To do without self-respect, on the other hand, is to be an unwilling audience of one to an interminable documentary that deals with one’s failings, both real and imagined, with fresh footage spliced in for every screening. There’s the glass you broke in anger, there’s the hurt on X’s face; watch now, this next scene, the night Y came back from Houston, see how you muff this one. To live without self-respect is to lie awake some night, beyond the reach of warm milk, the Phenobarbital, and the sleeping hand on the coverlet, counting up the sins of commissions and omission, the trusts betrayed, the promises subtly broken, the gifts irrevocably wasted through sloth or cowardice, or carelessness.
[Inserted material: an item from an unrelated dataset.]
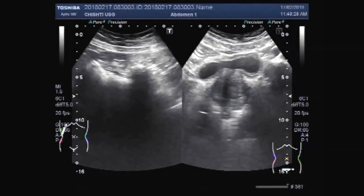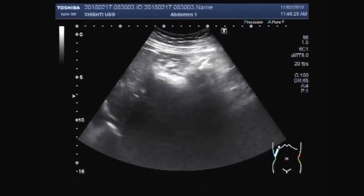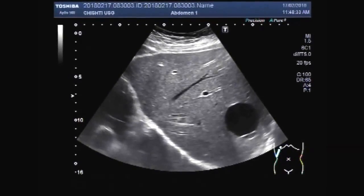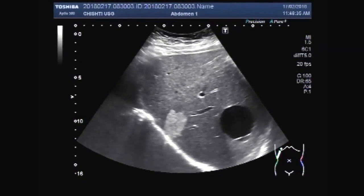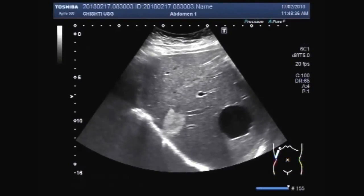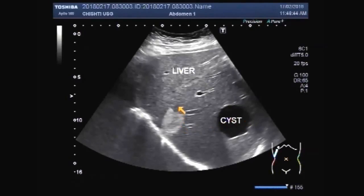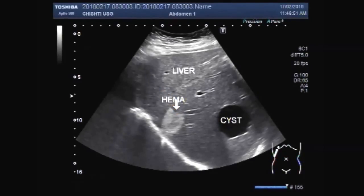Dear viewers, I hope you are all fine. This ultrasound video shows a hemangioma in the middle portion of the left lobe of the liver, and two cysts, possibly hydatid cysts, seen in the lower and middle portion of the right lobe of the liver.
However long we postpone it, we eventually lie down alone in that notoriously uncomfortable bed, the one we make ourselves. Whether or not we sleep in it depends, of course, on whether or not we respect ourselves.
(Joan Didion, Slouching Towards Bethlehem)
I’ve been reading a lot of Joan Didion this term break. This passage, in particular, struck me as I sit alone in my living room on new year’s eve because this is historically a time when I look back on the year and account for all of my unskillful responses to events that occurred. I take inventory. What does that even mean? To lie awake at night…counting up the sins of commissions and omission. This speaks to me.
I’m not saying I’m a complete knob or that I’m a horrible person walking around doing horrible things that I have to atone for at the end of the year, an arbitrary time to take an inventory to be sure. On the contrary, I’m doing the best I can. I think this “self-respect” can be paired with the “self-awareness” that comes with age. I’m aware I’m being an asshole at my job right now. I’m aware that life always seems to be in a state of flux. I’m aware that I’m essentially lazy now that I’m in school again and that I give myself lots of license to do nothing. I’m aware that my family and friends are flawed and that has nothing to do with me.
Anyhoo…no deep thoughts or anything. I just loved this passage, as it spoke to me and all the nights I lay awake counting my sins of commission and omission.